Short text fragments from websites
┄┄┄┄┄┄┄┄┄┄

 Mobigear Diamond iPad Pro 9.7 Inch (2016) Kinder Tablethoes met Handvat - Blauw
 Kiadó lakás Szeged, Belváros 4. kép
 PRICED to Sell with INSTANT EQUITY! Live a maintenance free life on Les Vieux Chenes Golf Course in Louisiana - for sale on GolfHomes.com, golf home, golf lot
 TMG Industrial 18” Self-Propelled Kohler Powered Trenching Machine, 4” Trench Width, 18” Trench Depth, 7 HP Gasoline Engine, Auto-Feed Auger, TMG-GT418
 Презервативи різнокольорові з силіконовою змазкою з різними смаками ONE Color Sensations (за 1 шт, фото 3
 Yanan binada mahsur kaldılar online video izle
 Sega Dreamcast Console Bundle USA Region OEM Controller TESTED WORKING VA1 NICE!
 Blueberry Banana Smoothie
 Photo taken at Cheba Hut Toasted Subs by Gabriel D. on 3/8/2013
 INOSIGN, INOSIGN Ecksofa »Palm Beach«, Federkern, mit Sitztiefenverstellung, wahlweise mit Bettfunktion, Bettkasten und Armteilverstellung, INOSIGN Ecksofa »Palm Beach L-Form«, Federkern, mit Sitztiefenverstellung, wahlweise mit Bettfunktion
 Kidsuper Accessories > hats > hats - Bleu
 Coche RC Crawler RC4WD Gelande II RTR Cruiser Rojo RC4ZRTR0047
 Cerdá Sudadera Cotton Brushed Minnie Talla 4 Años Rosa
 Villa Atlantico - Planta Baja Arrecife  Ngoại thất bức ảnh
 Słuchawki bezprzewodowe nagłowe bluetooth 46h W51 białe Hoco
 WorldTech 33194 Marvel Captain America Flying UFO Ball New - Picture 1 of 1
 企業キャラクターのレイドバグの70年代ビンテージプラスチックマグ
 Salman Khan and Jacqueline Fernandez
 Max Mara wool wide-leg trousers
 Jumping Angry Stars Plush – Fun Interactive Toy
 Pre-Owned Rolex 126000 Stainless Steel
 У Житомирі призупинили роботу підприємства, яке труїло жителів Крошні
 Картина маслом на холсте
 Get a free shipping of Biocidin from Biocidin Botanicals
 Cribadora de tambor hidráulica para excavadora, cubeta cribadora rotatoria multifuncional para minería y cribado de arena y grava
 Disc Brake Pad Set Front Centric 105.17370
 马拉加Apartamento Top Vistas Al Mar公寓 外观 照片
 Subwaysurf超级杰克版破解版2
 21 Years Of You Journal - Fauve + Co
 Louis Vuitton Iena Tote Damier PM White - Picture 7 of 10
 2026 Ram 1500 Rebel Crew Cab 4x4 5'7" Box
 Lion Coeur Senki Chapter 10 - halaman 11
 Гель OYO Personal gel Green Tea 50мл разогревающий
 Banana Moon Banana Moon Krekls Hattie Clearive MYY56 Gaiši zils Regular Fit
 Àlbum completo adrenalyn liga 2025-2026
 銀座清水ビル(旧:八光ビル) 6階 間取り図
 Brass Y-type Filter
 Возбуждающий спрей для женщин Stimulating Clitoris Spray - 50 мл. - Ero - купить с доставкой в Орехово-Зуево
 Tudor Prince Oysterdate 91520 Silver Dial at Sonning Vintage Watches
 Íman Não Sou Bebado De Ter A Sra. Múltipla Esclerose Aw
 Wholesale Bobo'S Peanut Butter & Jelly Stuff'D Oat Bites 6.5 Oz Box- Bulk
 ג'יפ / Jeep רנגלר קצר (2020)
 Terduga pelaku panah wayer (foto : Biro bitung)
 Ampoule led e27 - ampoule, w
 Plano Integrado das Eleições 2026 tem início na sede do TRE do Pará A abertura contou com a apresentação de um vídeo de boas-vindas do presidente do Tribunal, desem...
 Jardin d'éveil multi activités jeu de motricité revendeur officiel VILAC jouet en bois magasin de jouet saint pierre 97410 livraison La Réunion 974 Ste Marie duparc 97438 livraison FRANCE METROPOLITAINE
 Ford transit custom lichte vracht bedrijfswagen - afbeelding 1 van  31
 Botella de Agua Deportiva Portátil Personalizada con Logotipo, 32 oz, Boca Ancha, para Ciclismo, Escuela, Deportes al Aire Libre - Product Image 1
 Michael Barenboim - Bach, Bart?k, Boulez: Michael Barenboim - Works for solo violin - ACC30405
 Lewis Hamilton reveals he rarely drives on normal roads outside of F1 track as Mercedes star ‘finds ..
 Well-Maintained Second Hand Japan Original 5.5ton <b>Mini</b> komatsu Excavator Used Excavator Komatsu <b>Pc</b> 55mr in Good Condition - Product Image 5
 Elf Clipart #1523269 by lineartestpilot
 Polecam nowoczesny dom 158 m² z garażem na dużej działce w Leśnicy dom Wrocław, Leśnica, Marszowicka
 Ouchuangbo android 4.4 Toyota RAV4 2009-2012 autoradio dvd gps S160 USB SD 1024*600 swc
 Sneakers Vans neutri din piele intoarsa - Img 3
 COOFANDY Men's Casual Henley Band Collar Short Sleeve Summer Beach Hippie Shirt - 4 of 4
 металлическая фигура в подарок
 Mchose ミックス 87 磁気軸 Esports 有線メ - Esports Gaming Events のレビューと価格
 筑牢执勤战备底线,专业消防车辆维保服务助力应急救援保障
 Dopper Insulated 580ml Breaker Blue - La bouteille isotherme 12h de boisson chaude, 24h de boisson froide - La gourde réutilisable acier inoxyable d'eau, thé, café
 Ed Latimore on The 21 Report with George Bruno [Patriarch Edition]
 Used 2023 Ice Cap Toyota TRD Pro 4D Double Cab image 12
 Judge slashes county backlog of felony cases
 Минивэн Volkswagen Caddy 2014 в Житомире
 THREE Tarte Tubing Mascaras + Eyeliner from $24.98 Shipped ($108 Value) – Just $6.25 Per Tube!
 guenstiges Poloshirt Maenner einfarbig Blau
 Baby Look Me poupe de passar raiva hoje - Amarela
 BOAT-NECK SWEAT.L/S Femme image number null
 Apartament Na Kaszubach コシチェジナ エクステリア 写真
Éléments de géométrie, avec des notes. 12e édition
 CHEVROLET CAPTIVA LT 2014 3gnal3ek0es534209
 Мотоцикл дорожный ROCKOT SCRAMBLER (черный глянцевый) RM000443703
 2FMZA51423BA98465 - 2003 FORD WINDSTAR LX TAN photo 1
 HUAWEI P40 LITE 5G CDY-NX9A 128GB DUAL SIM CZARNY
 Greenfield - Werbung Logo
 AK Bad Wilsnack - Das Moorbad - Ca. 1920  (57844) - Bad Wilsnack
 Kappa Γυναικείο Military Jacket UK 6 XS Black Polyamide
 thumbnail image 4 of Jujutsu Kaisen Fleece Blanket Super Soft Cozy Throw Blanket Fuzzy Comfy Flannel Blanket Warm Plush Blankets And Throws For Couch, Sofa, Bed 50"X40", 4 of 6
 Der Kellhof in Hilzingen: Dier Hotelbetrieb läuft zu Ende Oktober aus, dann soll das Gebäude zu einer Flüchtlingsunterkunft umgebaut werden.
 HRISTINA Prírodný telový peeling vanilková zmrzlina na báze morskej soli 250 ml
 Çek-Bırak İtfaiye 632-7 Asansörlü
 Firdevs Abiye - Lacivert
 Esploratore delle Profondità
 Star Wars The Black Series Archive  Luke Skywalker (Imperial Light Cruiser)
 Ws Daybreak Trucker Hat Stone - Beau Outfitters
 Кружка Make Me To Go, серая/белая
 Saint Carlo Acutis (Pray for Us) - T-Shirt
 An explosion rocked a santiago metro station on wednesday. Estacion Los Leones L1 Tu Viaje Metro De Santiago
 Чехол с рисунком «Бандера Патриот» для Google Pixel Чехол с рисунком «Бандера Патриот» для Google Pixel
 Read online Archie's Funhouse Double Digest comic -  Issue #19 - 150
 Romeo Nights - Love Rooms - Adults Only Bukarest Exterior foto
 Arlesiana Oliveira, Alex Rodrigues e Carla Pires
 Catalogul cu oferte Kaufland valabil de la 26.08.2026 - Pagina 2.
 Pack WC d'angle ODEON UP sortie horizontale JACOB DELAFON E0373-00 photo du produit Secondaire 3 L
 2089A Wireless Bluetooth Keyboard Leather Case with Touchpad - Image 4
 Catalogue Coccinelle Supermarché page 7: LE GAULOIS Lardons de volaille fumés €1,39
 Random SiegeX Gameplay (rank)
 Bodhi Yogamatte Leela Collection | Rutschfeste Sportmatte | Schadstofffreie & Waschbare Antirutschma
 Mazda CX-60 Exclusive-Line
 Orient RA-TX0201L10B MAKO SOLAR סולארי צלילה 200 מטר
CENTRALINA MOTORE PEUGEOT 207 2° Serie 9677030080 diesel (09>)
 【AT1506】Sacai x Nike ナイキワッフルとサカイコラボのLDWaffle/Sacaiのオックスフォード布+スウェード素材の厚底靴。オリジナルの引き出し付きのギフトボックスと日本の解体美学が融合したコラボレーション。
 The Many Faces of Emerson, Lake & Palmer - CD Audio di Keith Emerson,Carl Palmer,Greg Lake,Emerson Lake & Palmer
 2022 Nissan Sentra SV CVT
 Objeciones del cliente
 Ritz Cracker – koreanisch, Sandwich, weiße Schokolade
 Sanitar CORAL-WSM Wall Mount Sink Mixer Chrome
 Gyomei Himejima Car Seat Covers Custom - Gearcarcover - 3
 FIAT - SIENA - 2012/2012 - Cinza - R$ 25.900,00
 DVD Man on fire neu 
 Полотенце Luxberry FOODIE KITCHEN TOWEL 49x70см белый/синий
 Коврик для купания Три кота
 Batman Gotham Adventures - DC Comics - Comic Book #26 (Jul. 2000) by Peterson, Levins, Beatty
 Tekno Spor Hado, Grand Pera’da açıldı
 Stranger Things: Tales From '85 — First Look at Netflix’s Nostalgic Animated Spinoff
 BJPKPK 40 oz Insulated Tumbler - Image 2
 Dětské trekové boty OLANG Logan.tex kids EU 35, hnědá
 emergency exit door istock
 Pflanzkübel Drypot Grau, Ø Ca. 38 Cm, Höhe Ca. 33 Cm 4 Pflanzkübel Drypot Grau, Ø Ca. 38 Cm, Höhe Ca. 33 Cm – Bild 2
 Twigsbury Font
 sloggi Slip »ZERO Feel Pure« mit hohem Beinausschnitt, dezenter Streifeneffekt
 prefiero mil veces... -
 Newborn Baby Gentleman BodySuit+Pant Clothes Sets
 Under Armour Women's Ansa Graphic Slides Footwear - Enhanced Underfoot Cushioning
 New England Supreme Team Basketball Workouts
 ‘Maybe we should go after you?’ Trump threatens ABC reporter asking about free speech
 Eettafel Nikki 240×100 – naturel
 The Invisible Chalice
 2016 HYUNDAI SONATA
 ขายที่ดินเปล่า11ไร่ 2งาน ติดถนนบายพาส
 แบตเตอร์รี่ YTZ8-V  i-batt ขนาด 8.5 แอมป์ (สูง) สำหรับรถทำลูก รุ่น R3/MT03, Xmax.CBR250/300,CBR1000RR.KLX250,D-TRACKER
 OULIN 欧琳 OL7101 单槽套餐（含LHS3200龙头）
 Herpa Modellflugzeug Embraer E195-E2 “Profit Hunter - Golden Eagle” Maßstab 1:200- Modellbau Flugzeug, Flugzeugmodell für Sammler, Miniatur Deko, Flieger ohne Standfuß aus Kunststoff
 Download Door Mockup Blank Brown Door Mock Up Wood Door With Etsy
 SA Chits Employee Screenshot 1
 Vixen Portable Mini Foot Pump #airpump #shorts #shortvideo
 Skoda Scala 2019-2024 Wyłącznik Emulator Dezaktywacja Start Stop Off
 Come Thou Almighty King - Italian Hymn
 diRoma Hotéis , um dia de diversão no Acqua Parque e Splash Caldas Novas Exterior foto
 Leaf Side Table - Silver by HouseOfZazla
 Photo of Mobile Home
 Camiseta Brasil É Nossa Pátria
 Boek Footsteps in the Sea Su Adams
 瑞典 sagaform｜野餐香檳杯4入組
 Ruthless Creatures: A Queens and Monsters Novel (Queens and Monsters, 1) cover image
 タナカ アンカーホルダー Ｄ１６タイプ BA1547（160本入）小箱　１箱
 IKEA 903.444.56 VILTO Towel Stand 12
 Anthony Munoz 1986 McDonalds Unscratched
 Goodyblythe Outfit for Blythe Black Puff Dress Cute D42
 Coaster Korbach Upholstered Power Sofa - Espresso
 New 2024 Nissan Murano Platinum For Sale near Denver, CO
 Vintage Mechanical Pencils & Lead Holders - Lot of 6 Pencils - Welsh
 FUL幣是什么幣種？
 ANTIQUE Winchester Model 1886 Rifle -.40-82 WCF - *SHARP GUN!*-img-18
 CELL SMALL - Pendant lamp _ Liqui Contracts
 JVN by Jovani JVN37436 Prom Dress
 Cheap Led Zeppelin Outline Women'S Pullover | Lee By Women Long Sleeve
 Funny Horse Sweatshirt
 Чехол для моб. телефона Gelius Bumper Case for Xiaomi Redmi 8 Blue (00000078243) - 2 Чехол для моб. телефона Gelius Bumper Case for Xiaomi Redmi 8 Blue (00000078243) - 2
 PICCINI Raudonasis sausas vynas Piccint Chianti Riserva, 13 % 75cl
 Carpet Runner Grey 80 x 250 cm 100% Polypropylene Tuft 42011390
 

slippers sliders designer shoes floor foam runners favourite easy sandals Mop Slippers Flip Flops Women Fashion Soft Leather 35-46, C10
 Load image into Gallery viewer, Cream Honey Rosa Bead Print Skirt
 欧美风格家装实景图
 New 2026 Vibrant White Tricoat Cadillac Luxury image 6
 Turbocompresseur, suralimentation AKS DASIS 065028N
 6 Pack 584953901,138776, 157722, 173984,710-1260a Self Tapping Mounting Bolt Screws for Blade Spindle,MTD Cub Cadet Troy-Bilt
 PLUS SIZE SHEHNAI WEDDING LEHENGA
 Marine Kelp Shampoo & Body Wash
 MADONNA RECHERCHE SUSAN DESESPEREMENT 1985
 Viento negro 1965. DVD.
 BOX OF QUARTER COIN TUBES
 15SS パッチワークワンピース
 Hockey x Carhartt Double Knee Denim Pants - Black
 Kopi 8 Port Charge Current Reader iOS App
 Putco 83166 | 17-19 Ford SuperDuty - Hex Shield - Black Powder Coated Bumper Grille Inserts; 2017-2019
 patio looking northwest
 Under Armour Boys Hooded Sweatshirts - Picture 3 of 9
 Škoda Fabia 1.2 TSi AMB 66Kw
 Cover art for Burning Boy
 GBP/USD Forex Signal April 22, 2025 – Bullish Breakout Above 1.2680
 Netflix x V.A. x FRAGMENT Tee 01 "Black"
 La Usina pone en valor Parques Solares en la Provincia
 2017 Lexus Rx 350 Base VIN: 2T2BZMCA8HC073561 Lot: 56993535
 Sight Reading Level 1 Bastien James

┄┄┄┄┄┄┄┄┄┄

:: Required action ::
For each line of the data that includes the word "Double", return a copy of it.

:: Answer section ::
 Used 2023 Ice Cap Toyota TRD Pro 4D Double Cab image 12
 Read online Archie's Funhouse Double Digest comic -  Issue #19 - 150
 Hockey x Carhartt Double Knee Denim Pants - Black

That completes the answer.